Data extracts:
•••

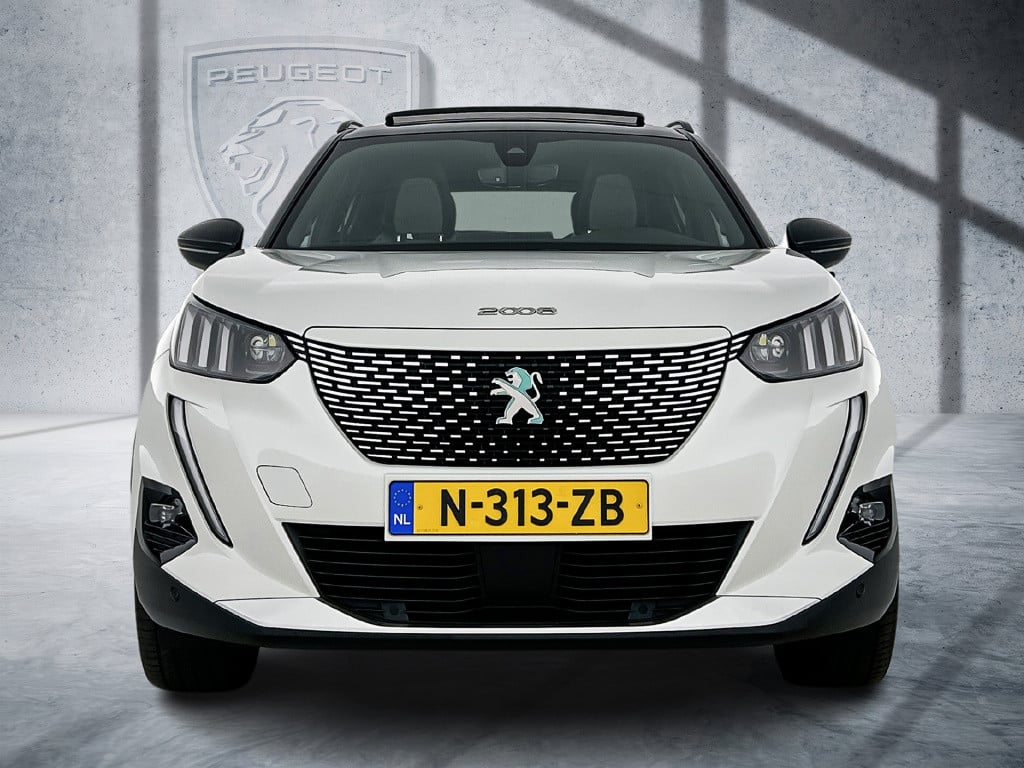 Peugeot E-2008 ev gt pack 50 kwh | rijklaar | trekhaak | panorama dak | sto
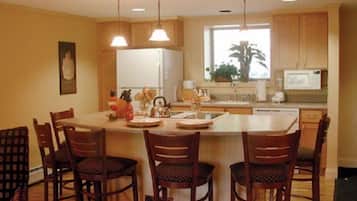 Condo (PB Aug 13th-20th, 2Smi, Lincoln) | Cocina privada | Refrigerador, microondas, lavavajillas y cafetera y tetera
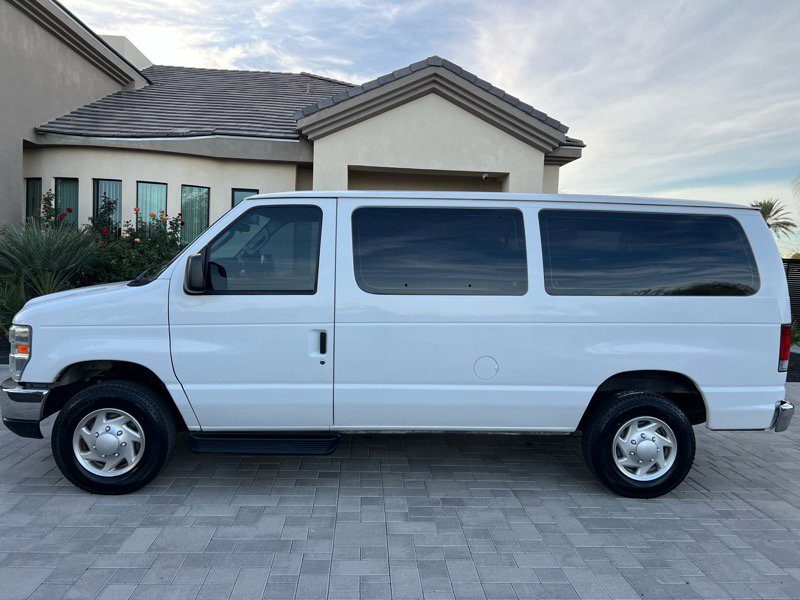 Used 2012 Ford E-350 and Econoline 350 XLT image 7
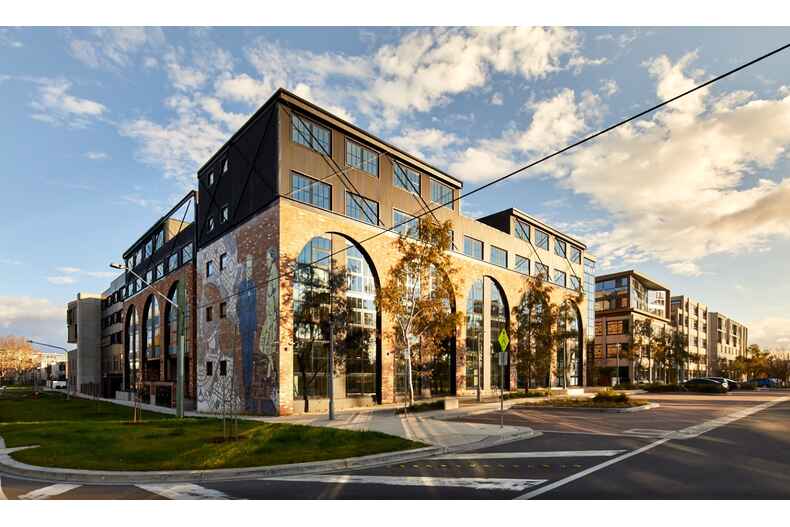 112/1 The Causeway Kingston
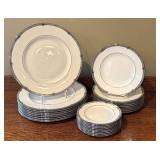 LR - Set of 27 Wedgwood Amherst Bone China Plates - Dinner, Salad, and Bread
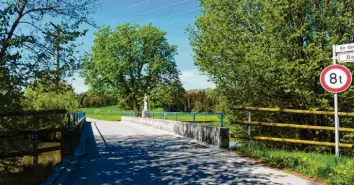  ?? Foto: Josef Nittbaur ?? Die Schmutterb­rücke am Bauhof könnte einer Umgestaltu­ng im Rahmen der geplanten Hochwasser­schutzmaßn­ahmen in Norden‰ dorf zum Opfer fallen. Auch die Zukunft der großen Kastanie ist unsicher.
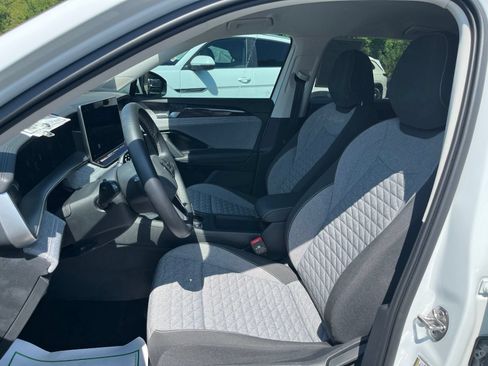 Certified 2026 Volkswagen Tiguan S FWD image 27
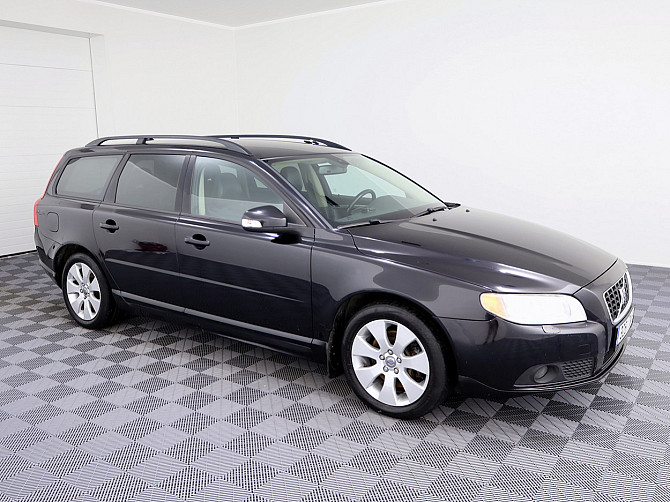 Volvo V70 Summum 2.5 T 147kW Tallina - foto 1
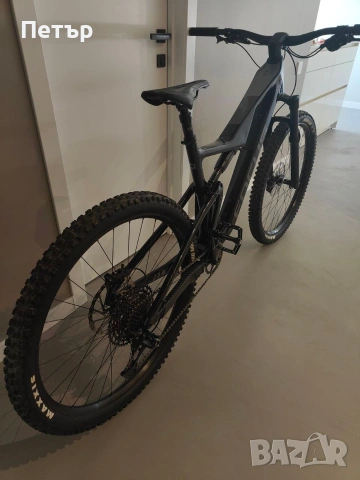 Продавам планински велосипед Focus Jam 8.8 Carbon 2023 – XL | Отлично състояние |, снимка 2 - Велосипеди - 54995505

•••

From the entries above, write out every line without a single change, skipping the images.

 Peugeot E-2008 ev gt pack 50 kwh | rijklaar | trekhaak | panorama dak | sto
 Condo (PB Aug 13th-20th, 2Smi, Lincoln) | Cocina privada | Refrigerador, microondas, lavavajillas y cafetera y tetera
 Used 2012 Ford E-350 and Econoline 350 XLT image 7
 112/1 The Causeway Kingston
 LR - Set of 27 Wedgwood Amherst Bone China Plates - Dinner, Salad, and Bread
  ?? Foto: Josef Nittbaur ?? Die Schmutterb­rücke am Bauhof könnte einer Umgestaltu­ng im Rahmen der geplanten Hochwasser­schutzmaßn­ahmen in Norden‰ dorf zum Opfer fallen. Auch die Zukunft der großen Kastanie ist unsicher.
 Certified 2026 Volkswagen Tiguan S FWD image 27
 Volvo V70 Summum 2.5 T 147kW Tallina - foto 1
 Продавам планински велосипед Focus Jam 8.8 Carbon 2023 – XL | Отлично състояние |, снимка 2 - Велосипеди - 54995505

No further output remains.